This is a quick-and-dirty how-to on how to use csso to handle the minification/compression of CSS in django-pipeline.

First create a file called compressors.py somewhere in your project. Make it something like this:


import subprocess
from pipeline.compressors import CompressorBase
from django.conf import settings


class CSSOCompressor(CompressorBase):

    def compress_css(self, css):
        proc = subprocess.Popen(
            [
                settings.PIPELINE['CSSO_BINARY'], 
                '--restructure-off'
            ],
            stdin=subprocess.PIPE,
            stdout=subprocess.PIPE,
        )
        css_out = proc.communicate(
            input=css.encode('utf-8')
        )[0].decode('utf-8')
        # was_size = len(css)
        # new_size = len(css_out)
        # print('FROM {} to {} Saved {}  ({!r})'.format(
        #     was_size,
        #     new_size,
        #     was_size - new_size,
        #     css_out[:50]
        # ))
        return css_out

In your settings.py where you configure django-pipeline make it something like this:


PIPELINE = {
    'STYLESHEETS': PIPELINE_CSS,
    'JAVASCRIPT': PIPELINE_JS,

    # These two important lines. 
    'CSSO_BINARY': path('node_modules/.bin/csso'),
    # Adjust the dotted path name to where you put your compressors.py
    'CSS_COMPRESSOR': 'peterbecom.compressors.CSSOCompressor',

    'JS_COMPRESSOR': ...

Next, install csso-cli in your project root (where you have the package.json). It's a bit confusing. The main package is called csso but to have a command line app you need to install csso-cli and when that's been installed you'll have a command line app called csso.

$ yarn add csso-cli

or

$ npm i --save csso-cli

Check that it installed:

$ ./node_modules/.bin/csso --version
3.5.0

And that's it!

--restructure-off

So csso has an advanced feature to restructure the CSS and not just remove whitespace and not needed semicolons. It costs a bit of time to do that so if you want to squeeze the extra milliseconds out, enable it. Trading time for space.
See this benchmark for a comparison with and without --restructure-off in csso.

Why csso you might ask

Check out the latest result from css-minification-benchmark. It's not super easy to read by it seems the best performing one in terms of space (bytes) is crass written by my friend and former colleague @mattbasta. However, by far the fastest is csso when using --restructre-off. Minifiying font-awesome.css with crass takes 326.52 ms versus 3.84 ms in csso.

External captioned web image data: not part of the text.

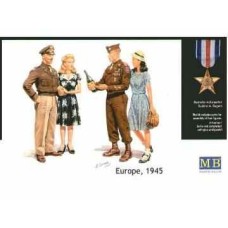 Європа, 1945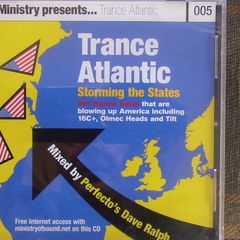 Ministry Presents... Trance Atlantic: Storming The States CD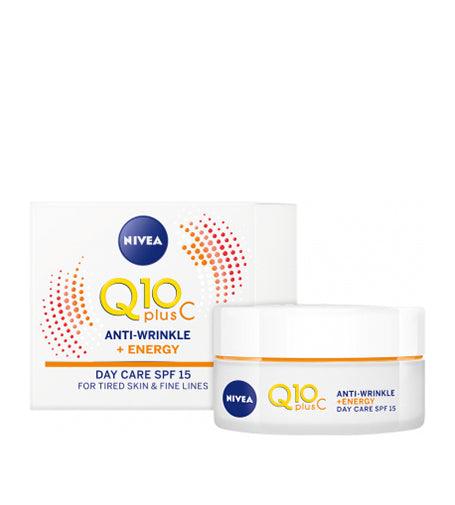 NIVEA Q10 Plus Energy Day Care Cream 50 ML - Parfumby.com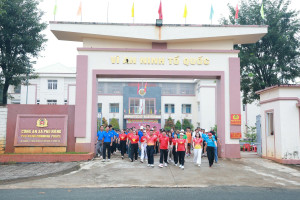 Phú Riềng hưởng ứng chương trình “Cùng Việt Nam tiến bước” năm 2026
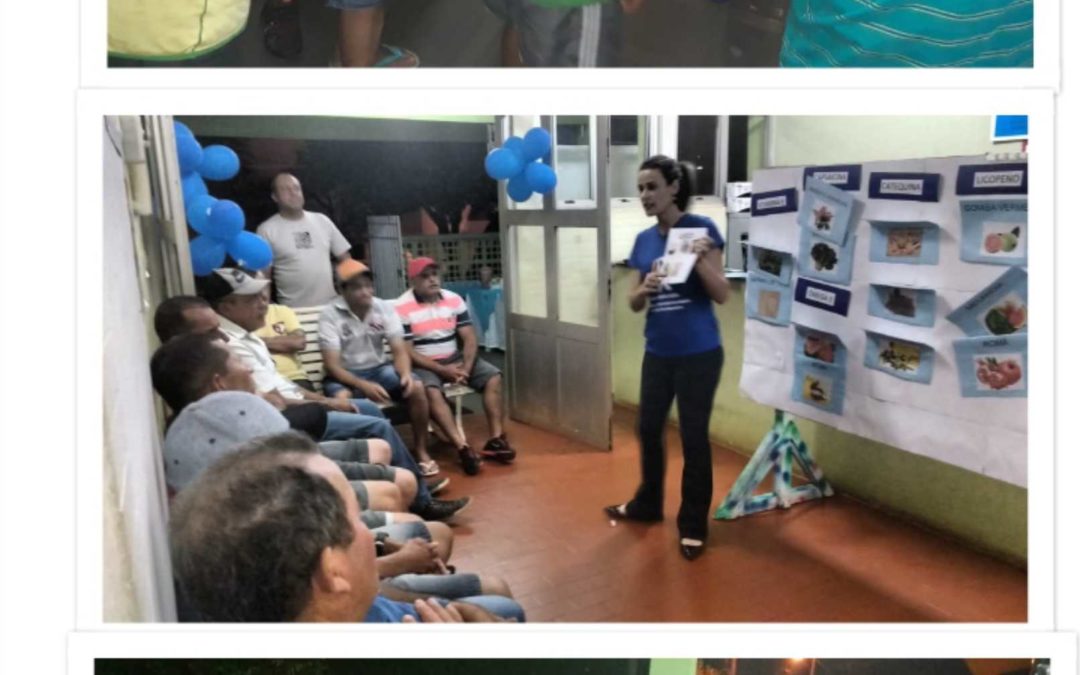 Itaju promove roda de conversa sobre saúde do homem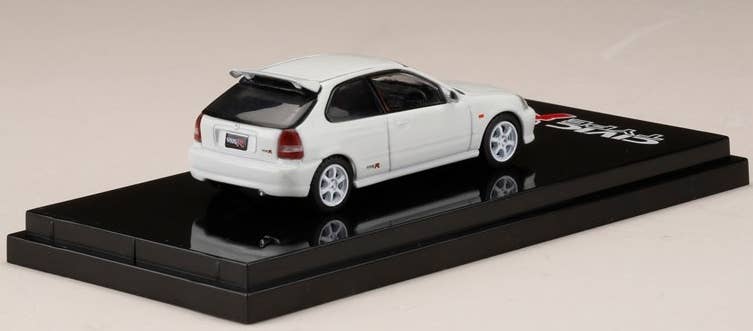 Honda Civic Type R (EK9) Custom Ver. Championship White | HLJ.com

But what's great about csso is Roman @lahmatiy Dvornov. I call him a friend too for all the help and work he's done on minimalcss (not a CSS minification tool by the way). Roman really understands CSS and csso is actively maintained by him and other smart people who actually get into the scary weeds of CSS browser hacks. That gives me more confidence to recommend csso. Also, squeezing a couple bytes extra out of your .min.css files isn't important when gzip comes into play. It's better that the minification tool is solid and stable.

Check out Roman's slides which, even if you don't read it all, goes to show that CSS minification is so much more than just regex replacing whitespace.
Also crass admits as one of its disadvantages: "Certain "CSS hacks" that use invalid syntax are unsupported".